(Why refer to Charles Dickens? He was successful in his own lifetime, and his works have stood the test of time. As a bonus, he published his first works as serial installments, which lines up with my interests in subscriptions.)
It’s easier than ever to be a published author.
Want to write a book? The gatekeepers to publishing are, if not gone, then marginalized. New gates have appeared, unattended, all around them, through independent- and self publishing. Independent publishers are turning to crowd-funding to supply some of the financial backing they need. Simply search for books on KickStarter for an idea of what’s happening there.
If you create shorter works, you’re also in luck. Any writer can set up a blog and publish their thoughts into the world. Easier still, distribute posts on sources like LinkedIn, Facebook, and Medium and reach an established audience. The publish button beckons all of us.

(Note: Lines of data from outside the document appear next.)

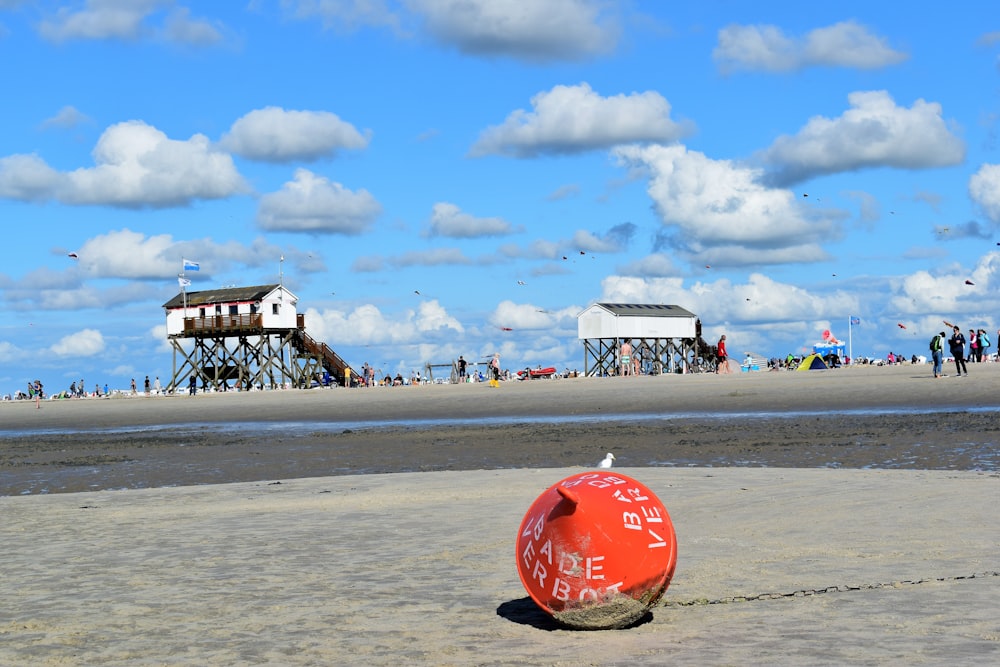 a red buoy sitting on top of a sandy beach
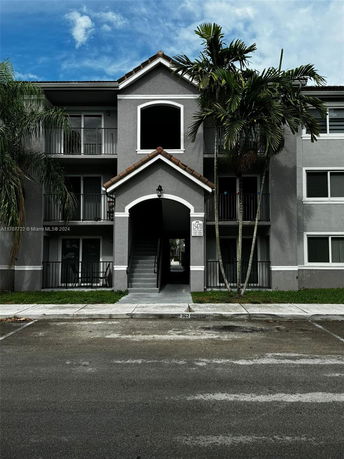 Front view of a multi-story building with a central staircase entrance and palm trees.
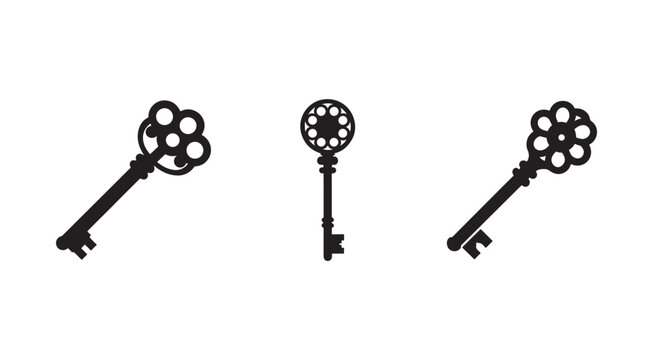 Three black antique keys with decorative floral heads and circular holes isolated on white background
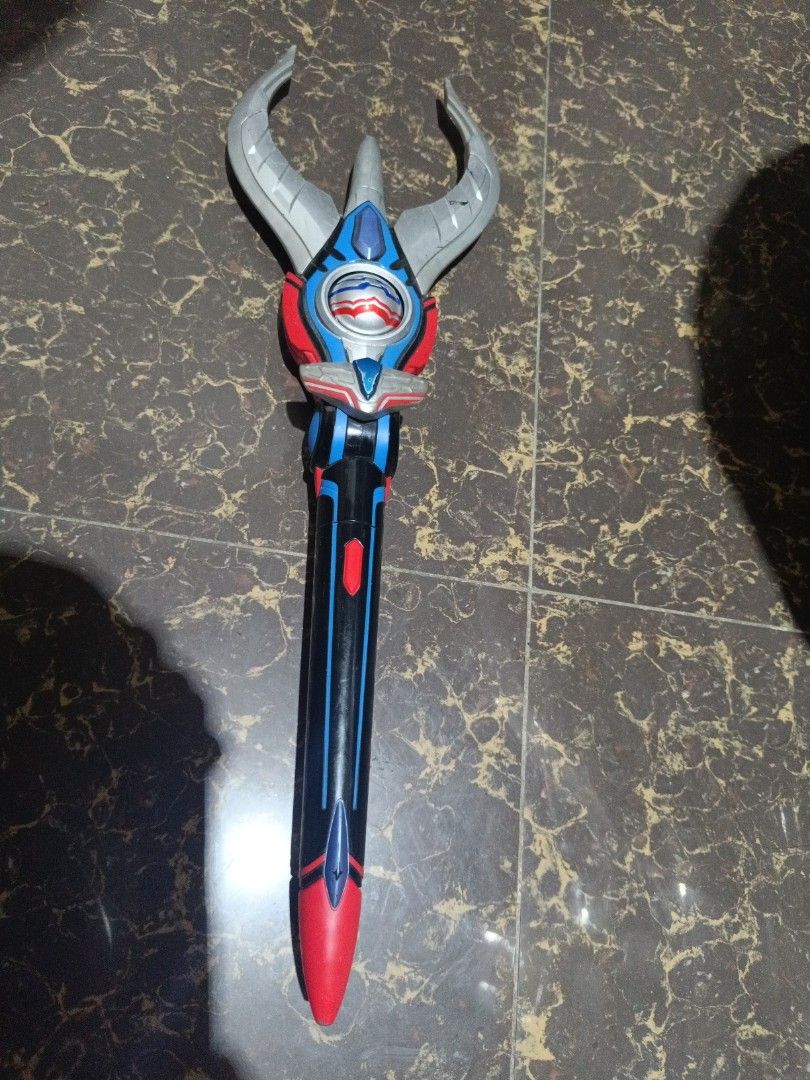 Ultraman DX Orb Slugger Lance (Category: Action & Battle Toys) located in Baliuag. Submitted by yuyus_corner20 (Listing ID 1431901039, Image 1). Description: - Ultraman DX Orb Slugger Lance - Color scheme: Black, blue, red, and silver. - Features a long handle and detailed head with horns. - Perfect for Ultraman collectors. - Working -on hand item - 2016 dated -with dents -good condition .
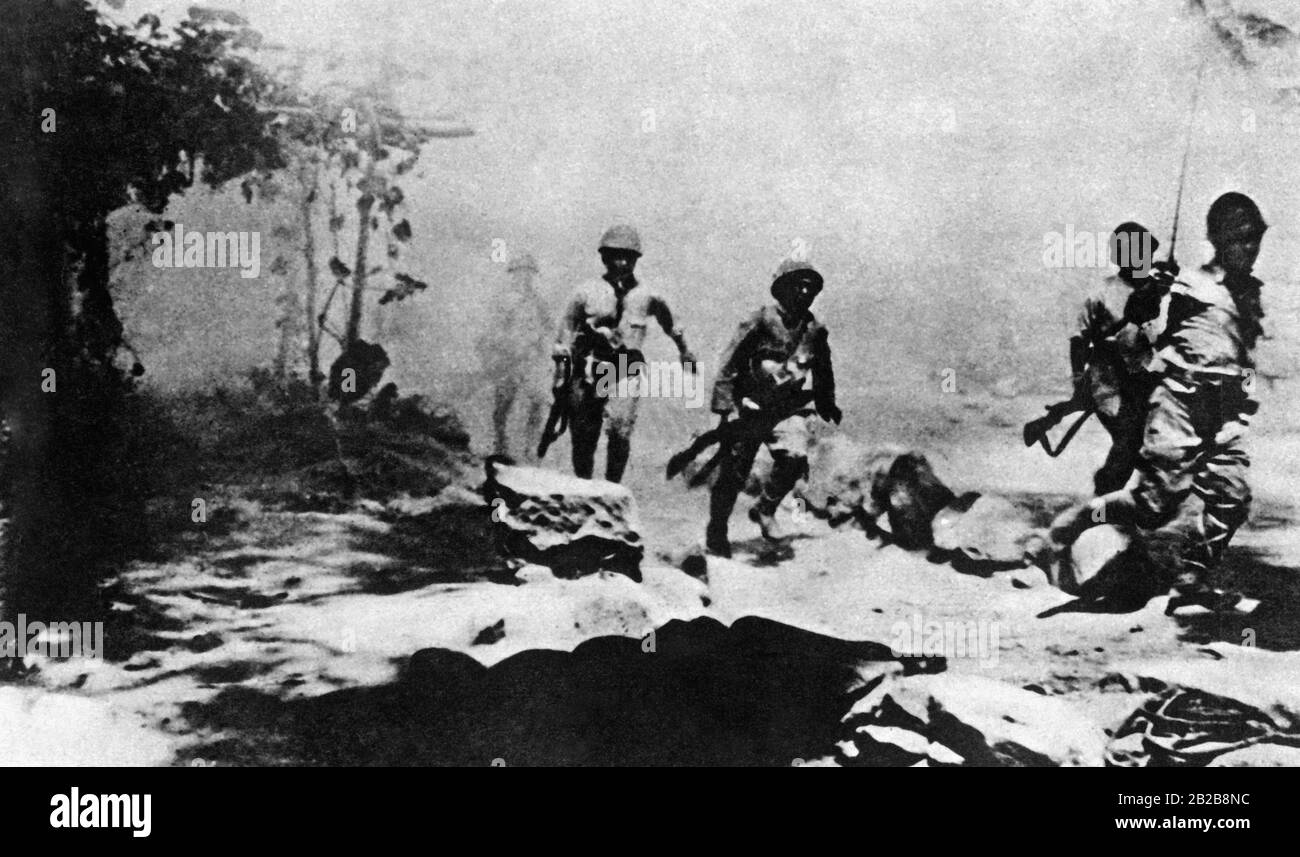 Les soldats japonais chargent sur un terrain pendant une bataille. En face marche un officier avec son épée dessinée. Banque D'Images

Yet, it’s harder to be a writer.
Some naysayers claim that no one reads anymore. We won’t even deal with those comments. If you’ve read this far, you’re proof to the contrary. But there are significant barriers to writing.
First, there are the distractions. Social media. Netflix. Instagram. If Jane Austen had to respond to social media posts in addition to family visitors, would she ever have finished her novels?

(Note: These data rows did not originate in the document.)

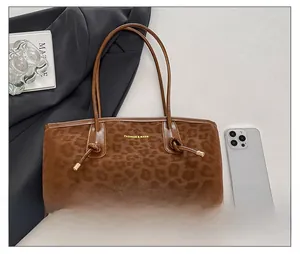 Macro detail of leopard print tote bag with gold logo and decorative side knots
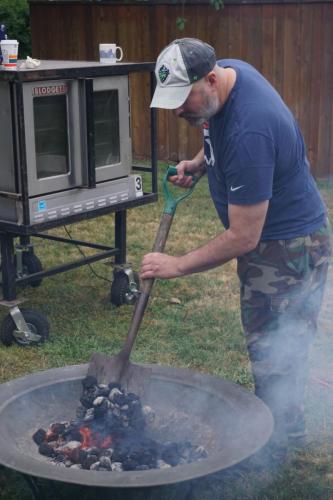 Stoking the coals.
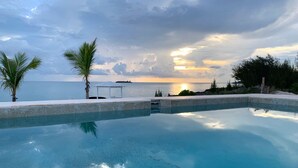 Una piscina con vista sull'oceano e un tramonto.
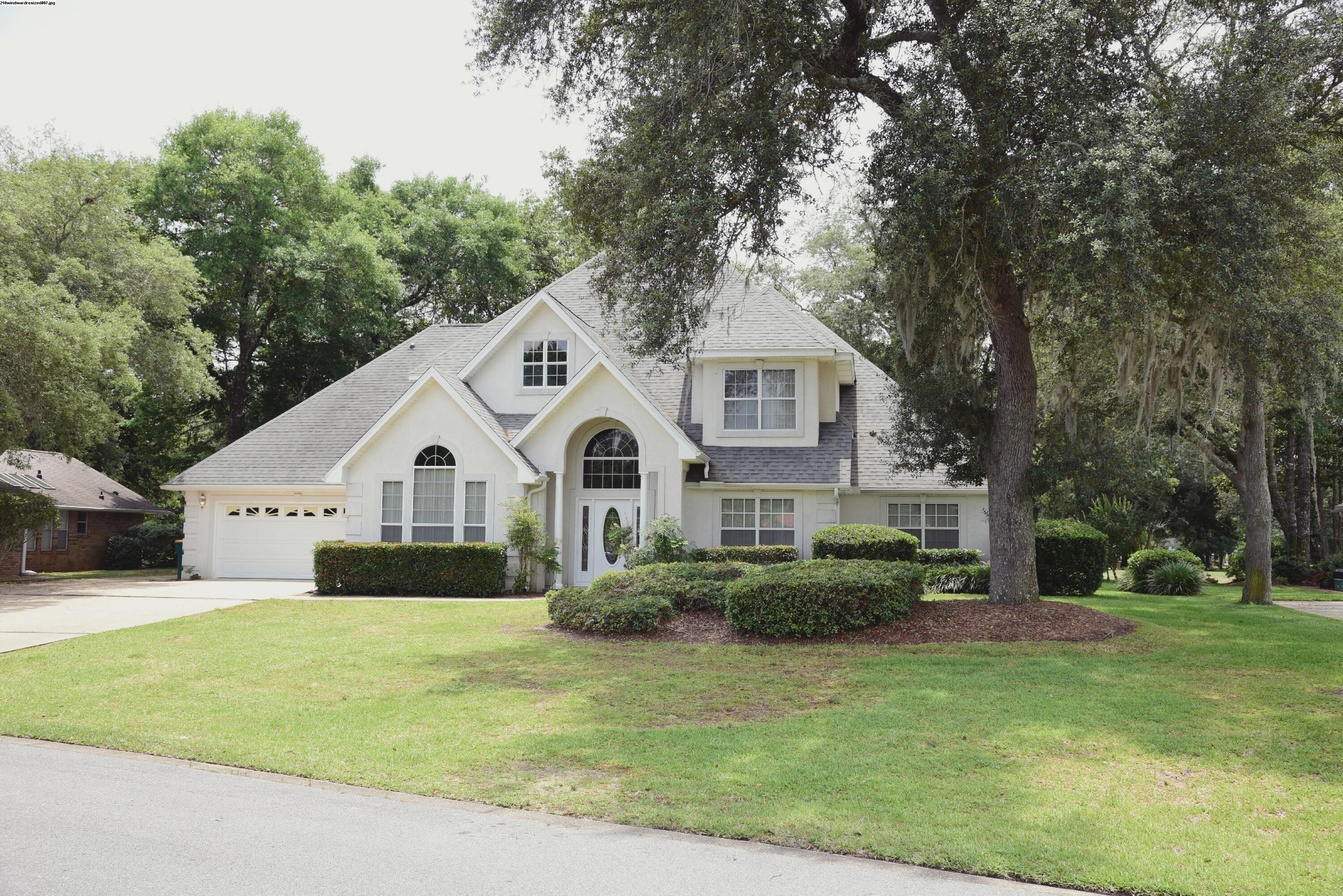 Welcome to this spacious executive home located in the gated community of Windward, where tranquil lake views create a beautiful first impression. Designed with both elegance and functionality in mind, this home offers an open floor plan, generous living spaces, and lawn service included for easy, low-maintenance living.

Step inside to find tile flooring throughout the main level and a thoughtfully designed layout. Just off the foyer, you'll find a private office or den, along with formal living and dining rooms. The impressive family room features soaring two-story ceilings, custom built-in bookcases, a cozy gas fireplace, and French doors that lead to the open patio--perfect for relaxing or entertaining.

The kitchen includes ample cabinet and counter space, tiled flooring, and a bright breakfast area for casual dining. A conveniently located laundry room and half bathroom complete the main level. The spacious primary suite is located on the first floor, offering privacy and comfort. The en-suite bathroom features double vanities, a soaking tub, separate shower, and a large walk-in closet. Upstairs, you'll find two additional bedrooms that share a full bathroom, providing plenty of space for family or guests.

Conveniently located near shopping, dining, top-rated schools, and military bases, this exceptional home offers the perfect combination of space, style, and a peaceful gated community setting. Contact us today for a showing!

Once you’ve published something, it’s meaningless if no one reads what you’ve written. In some areas, the digital universe is completely saturated with content. According to Amazon’s February Author Earnings report, customers of Amazon US downloaded more than one million paid ebooks per day in January 2016. Yowza.
In the world of marketing, Mark Schaefer has coined the phrase content shock to describe the situation. (See my review of his excellent book The Content Code for solutions to that problem in marketing.)
It’s not enough to simply write a book; you have to market it. Whether you work with a traditional publisher or not, promoting the book is not easy.
What remains the same
Publishing has changed. Writing, editing, and distribution technologies are evolving. Even our patterns and behaviors in consuming content are in flux.
What has remain unchanged? Us.
Fundamentally, we are still social animals. Writing remains an important means of forging connections between people.
Great writing creates a moment of communion between author and reader, whether a story that resonates or a turn of phrase or metaphor that enlightens a concept in the recesses of our own minds.
At its core, writing remains an essential, valuable practice. It’s worth the effort of getting the words out of your brain and into the world, even when you have too little time and too many distractions.
But we now have more insight into how our minds work. Cognitive science offers insight into our own, consistently inconsistent brains – the ways we handle distractions, delay gratification, and nurture creativity. The lessons of psychology can help us figure out how to operate as writers in an imperfect world.